■ Task details ■
Among the records below, find the line that has "Used 2022 Silver"; from there, give the lines again exactly, and stop after the line that has "Photo of 104".

■ Record excerpts ■
★ ★ ★
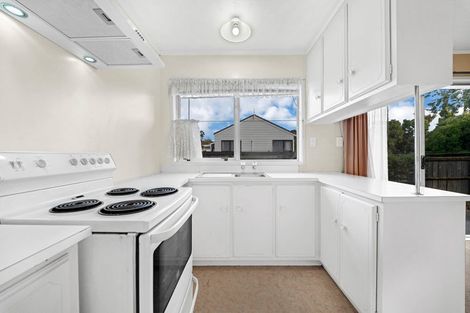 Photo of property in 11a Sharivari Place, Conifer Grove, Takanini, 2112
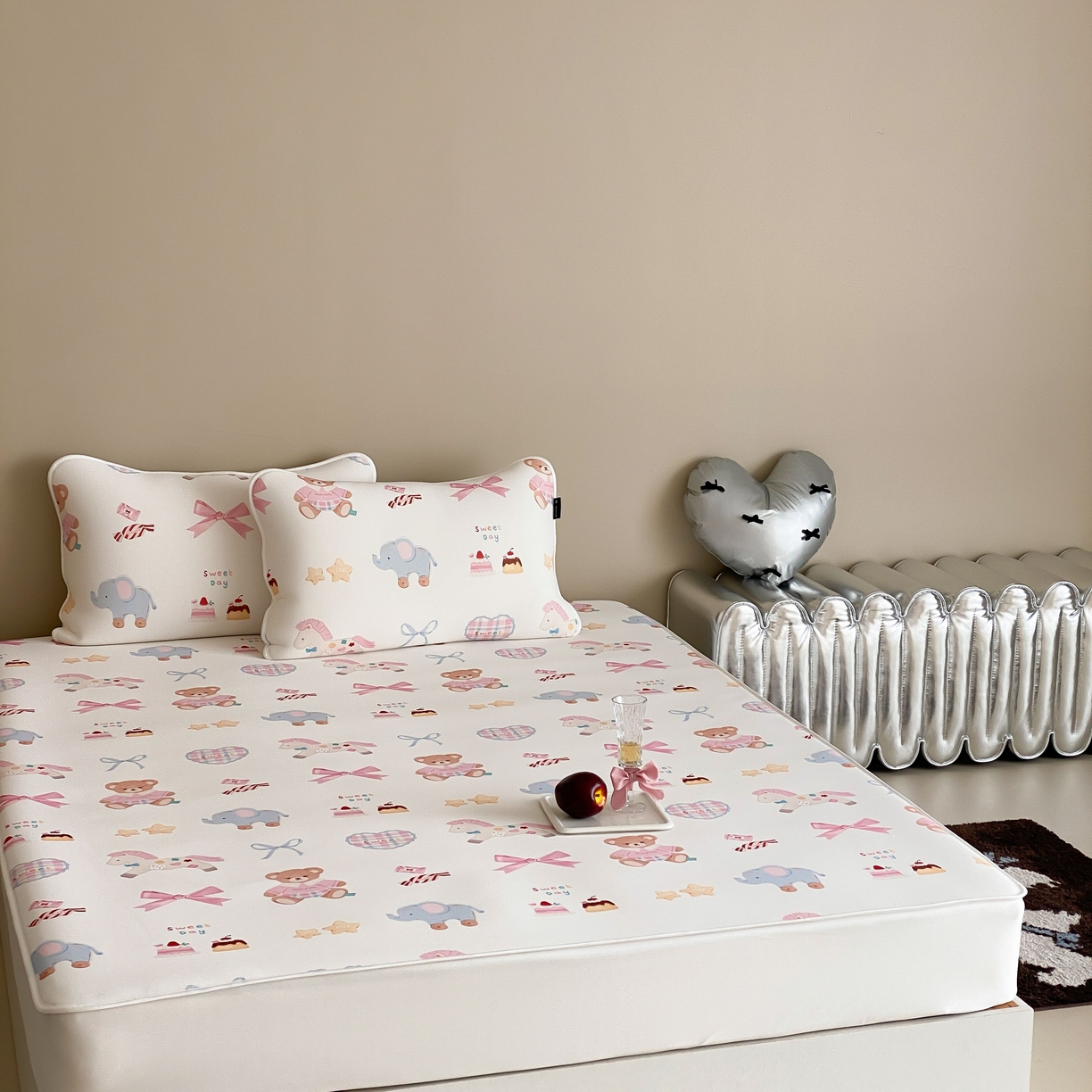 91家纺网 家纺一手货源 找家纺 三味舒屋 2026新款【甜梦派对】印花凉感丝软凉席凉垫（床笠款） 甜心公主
★ ★ ★
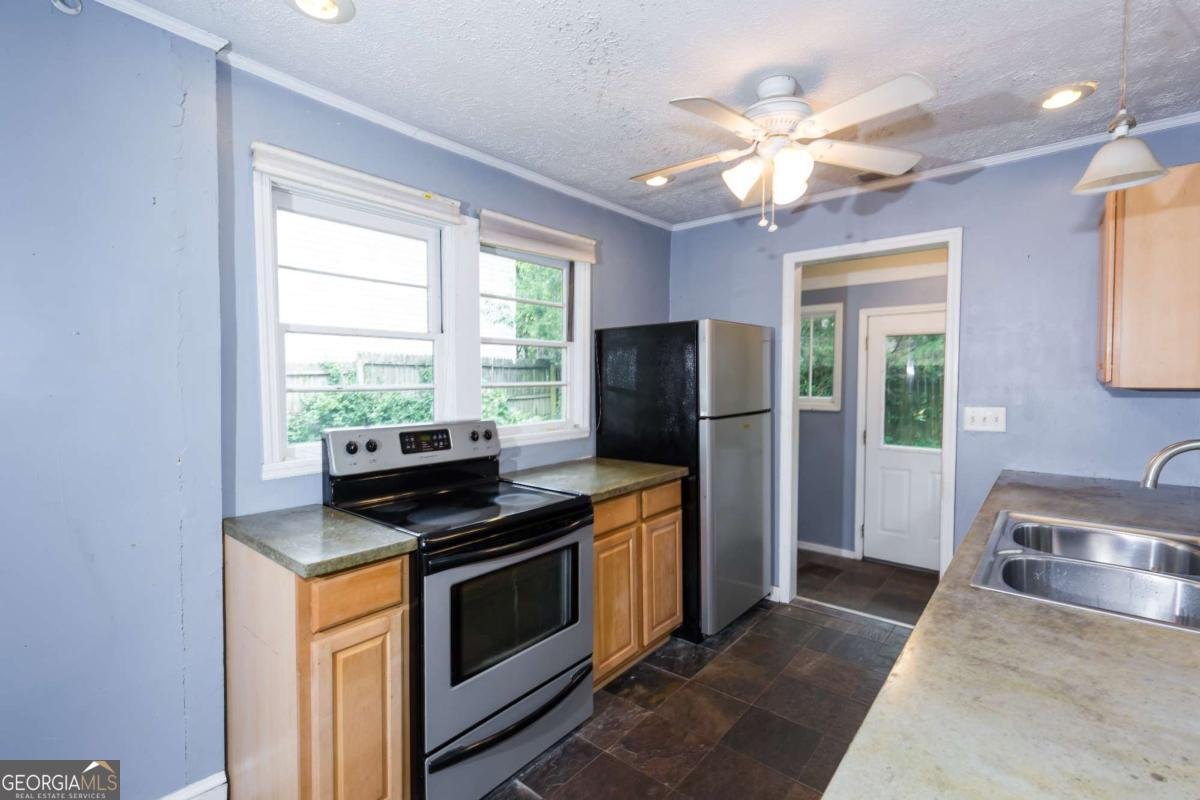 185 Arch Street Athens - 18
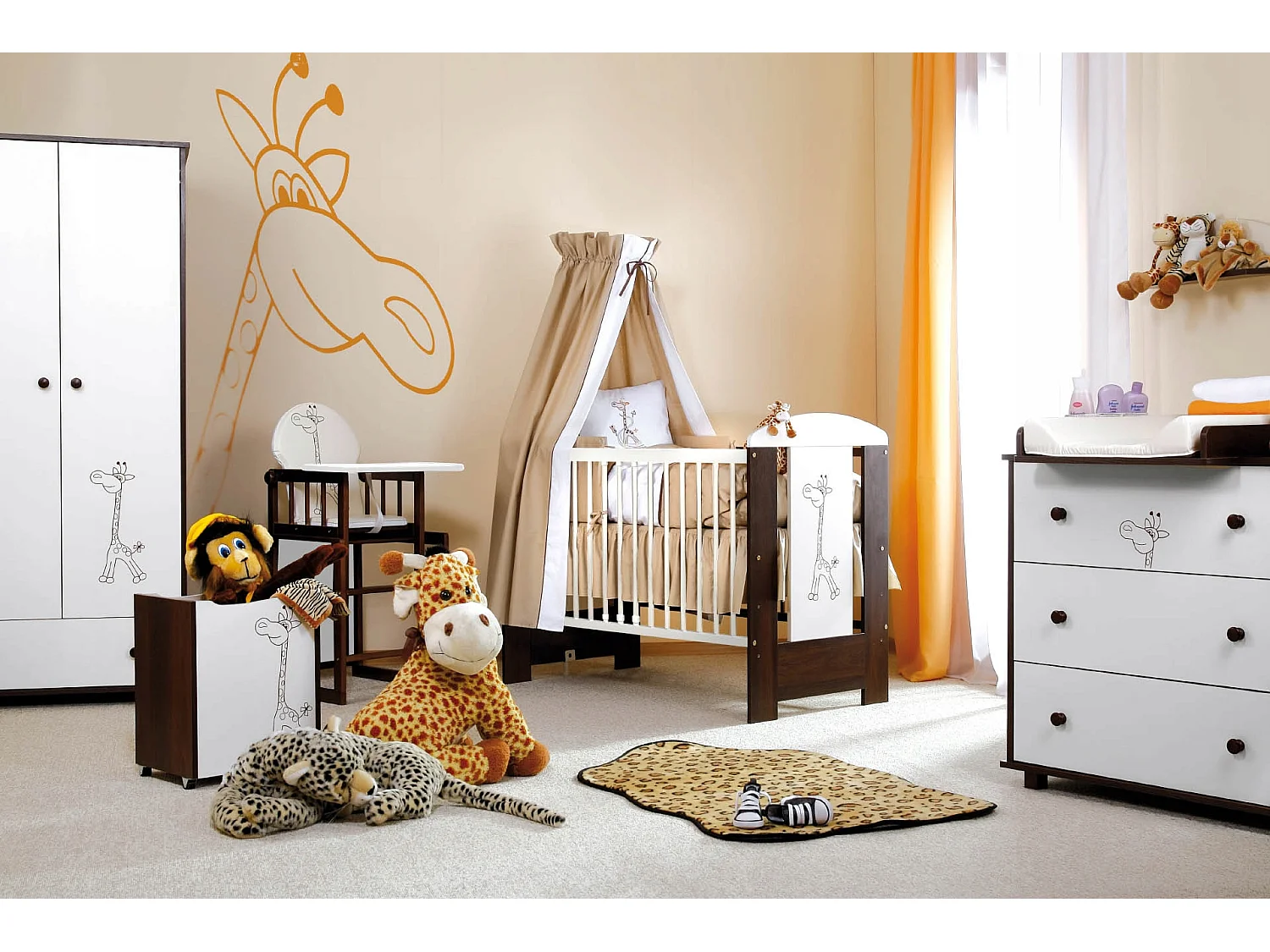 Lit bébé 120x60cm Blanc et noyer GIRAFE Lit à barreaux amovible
★ ★ ★
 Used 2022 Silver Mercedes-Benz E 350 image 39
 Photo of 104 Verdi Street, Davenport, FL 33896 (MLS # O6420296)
★ ★ ★
■ Output of the exercise ■
 Used 2022 Silver Mercedes-Benz E 350 image 39
 Photo of 104 Verdi Street, Davenport, FL 33896 (MLS # O6420296)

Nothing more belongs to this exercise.